PROBLEM REQUIREMENTS: Lower down are entries containing pictures. Copy exactly, without those pictures, the lines from the line with "Image showing mossy" through the line with "Lot 24 Lee DR - Photo 5".

INFORMATION SUPPLIED:
═══
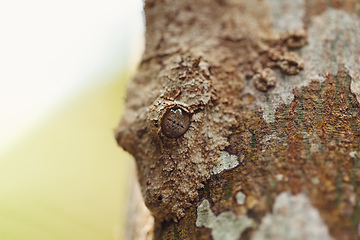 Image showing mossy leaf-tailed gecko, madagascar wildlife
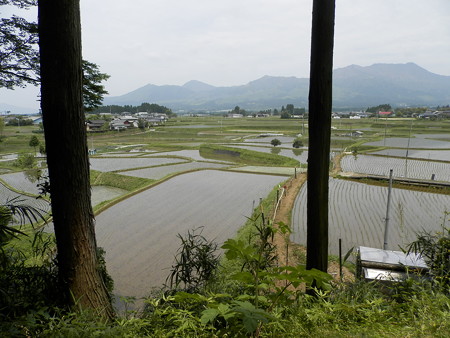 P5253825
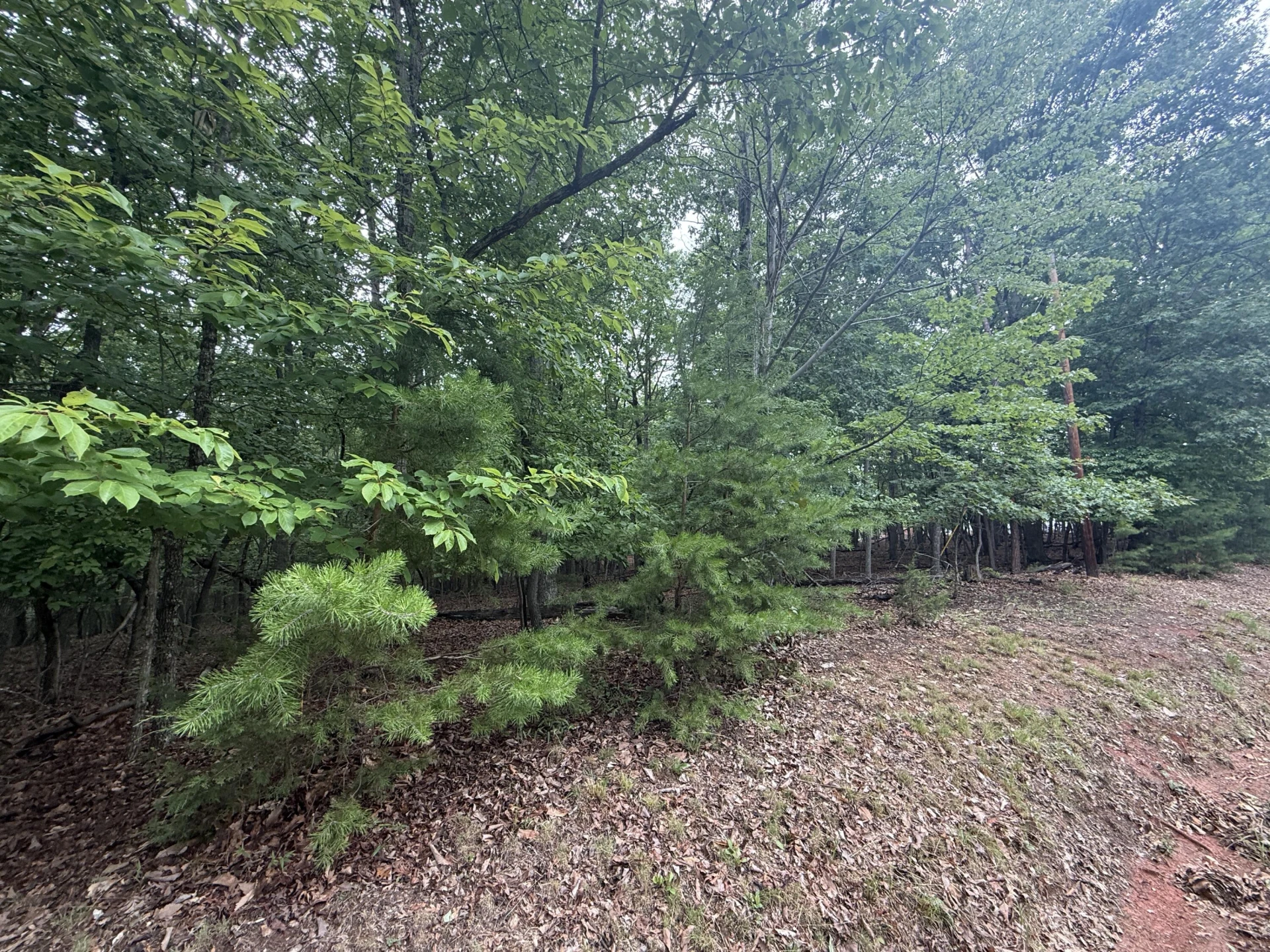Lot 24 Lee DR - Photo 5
═══
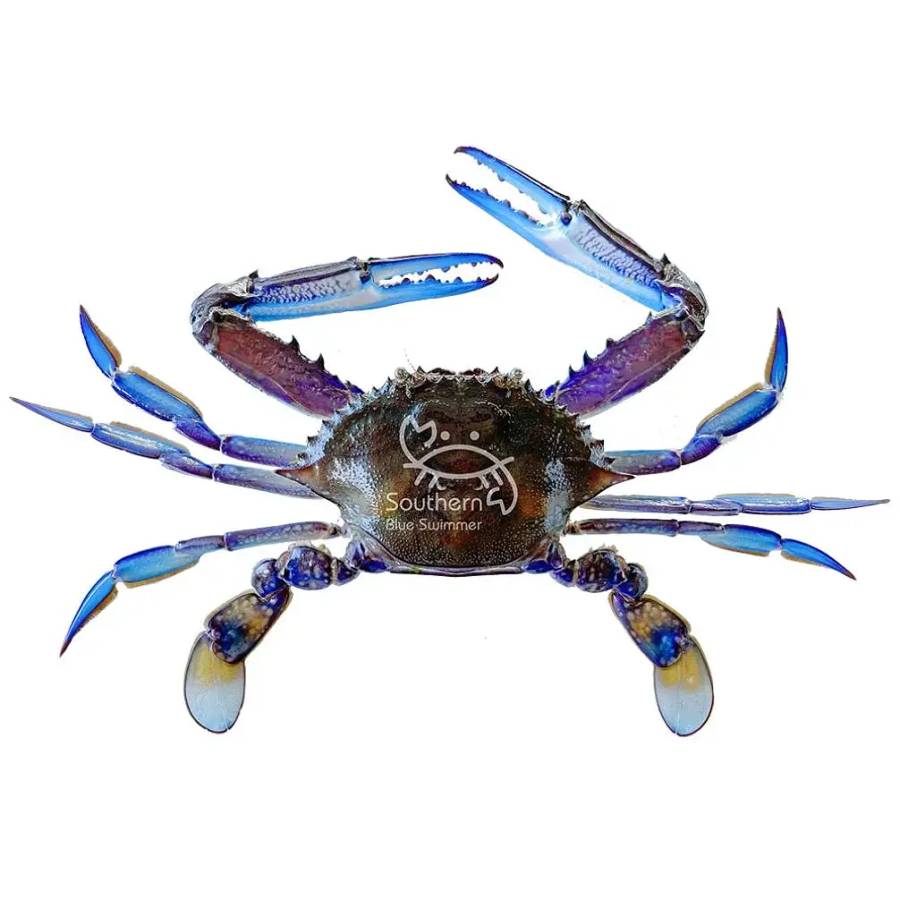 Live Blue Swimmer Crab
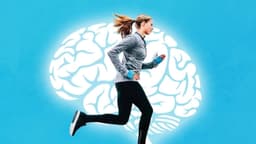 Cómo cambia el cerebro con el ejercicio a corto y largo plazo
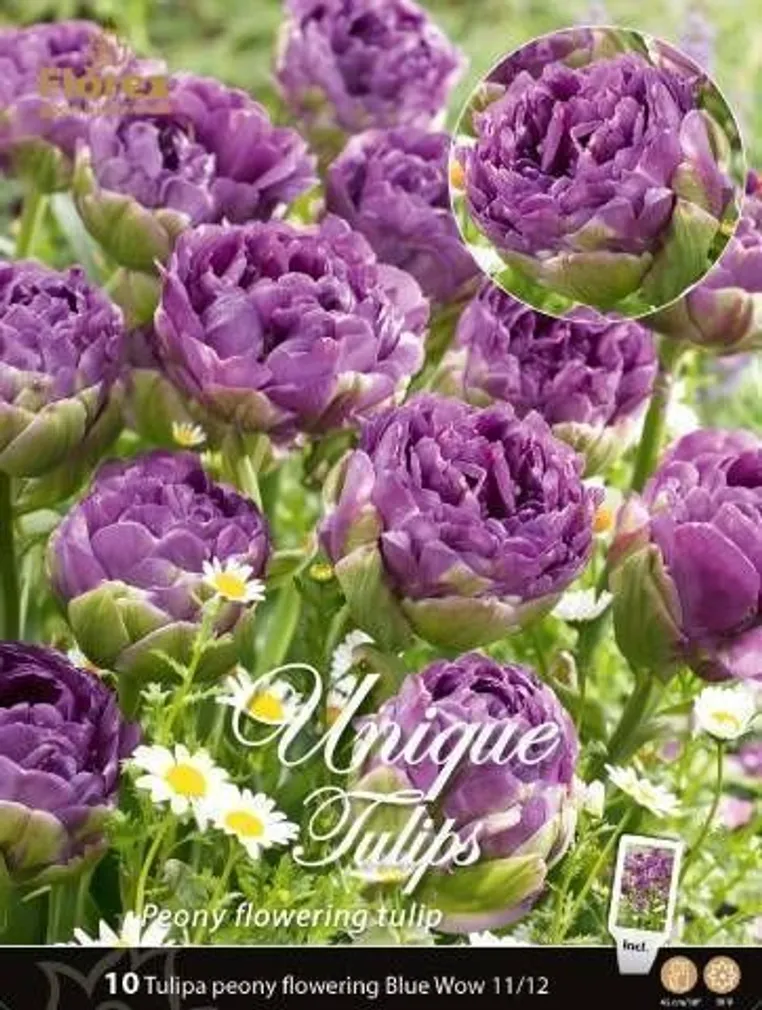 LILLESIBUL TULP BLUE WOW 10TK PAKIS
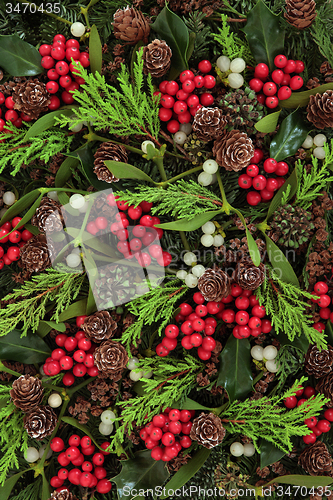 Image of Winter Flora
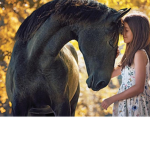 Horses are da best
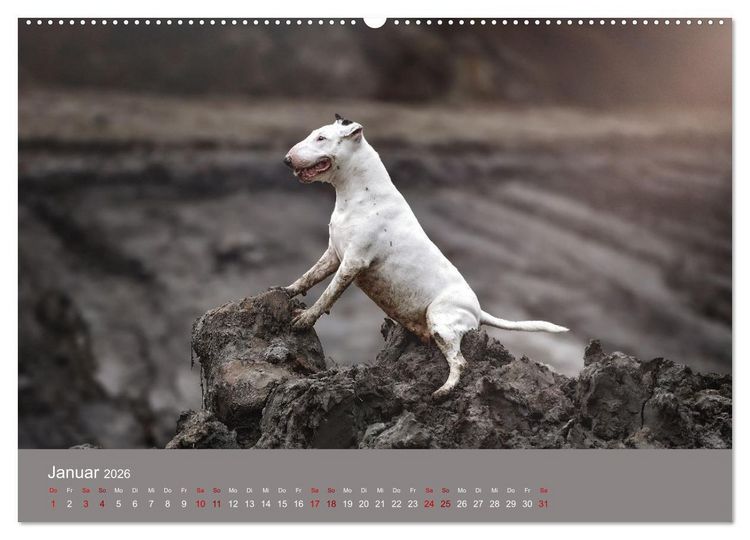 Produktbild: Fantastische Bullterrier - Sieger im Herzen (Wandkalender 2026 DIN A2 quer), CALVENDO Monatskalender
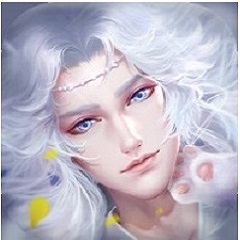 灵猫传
═══
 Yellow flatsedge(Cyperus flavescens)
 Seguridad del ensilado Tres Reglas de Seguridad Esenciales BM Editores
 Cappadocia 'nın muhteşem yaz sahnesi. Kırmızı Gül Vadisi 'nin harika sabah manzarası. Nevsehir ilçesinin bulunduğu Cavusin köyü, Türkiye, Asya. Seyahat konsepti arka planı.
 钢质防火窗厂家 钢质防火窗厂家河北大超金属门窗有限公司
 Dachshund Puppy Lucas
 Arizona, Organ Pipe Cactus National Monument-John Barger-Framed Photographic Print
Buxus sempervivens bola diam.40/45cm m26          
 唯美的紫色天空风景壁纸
═══
ANSWER SPACE:
 Image showing mossy leaf-tailed gecko, madagascar wildlife
 P5253825
Lot 24 Lee DR - Photo 5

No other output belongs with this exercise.